**ASSIGNMENT:**
Look below for the line containing "正版新书]当世界无法改变时改变自己杨永胜9787544272414" and the line containing "Зимний комбинезон р. 104", then set down both and every line between them exactly, without pictures.

**RECORDS FOR PROCESSING:**

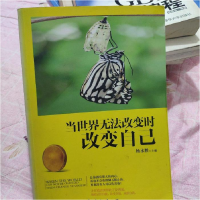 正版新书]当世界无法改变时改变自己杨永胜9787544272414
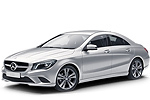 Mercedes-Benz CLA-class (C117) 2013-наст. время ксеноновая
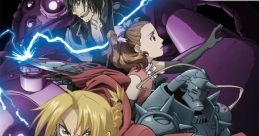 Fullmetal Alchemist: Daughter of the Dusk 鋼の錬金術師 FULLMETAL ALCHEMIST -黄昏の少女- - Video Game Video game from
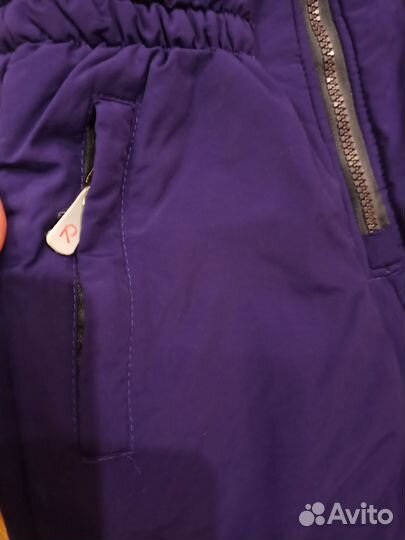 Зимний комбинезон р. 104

---

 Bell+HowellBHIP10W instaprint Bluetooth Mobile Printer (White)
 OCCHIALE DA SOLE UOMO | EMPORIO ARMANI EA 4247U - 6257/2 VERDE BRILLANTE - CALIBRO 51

**RESULT BELOW:**
 正版新书]当世界无法改变时改变自己杨永胜9787544272414
 Mercedes-Benz CLA-class (C117) 2013-наст. время ксеноновая
 Fullmetal Alchemist: Daughter of the Dusk 鋼の錬金術師 FULLMETAL ALCHEMIST -黄昏の少女- - Video Game Video game from
 Зимний комбинезон р. 104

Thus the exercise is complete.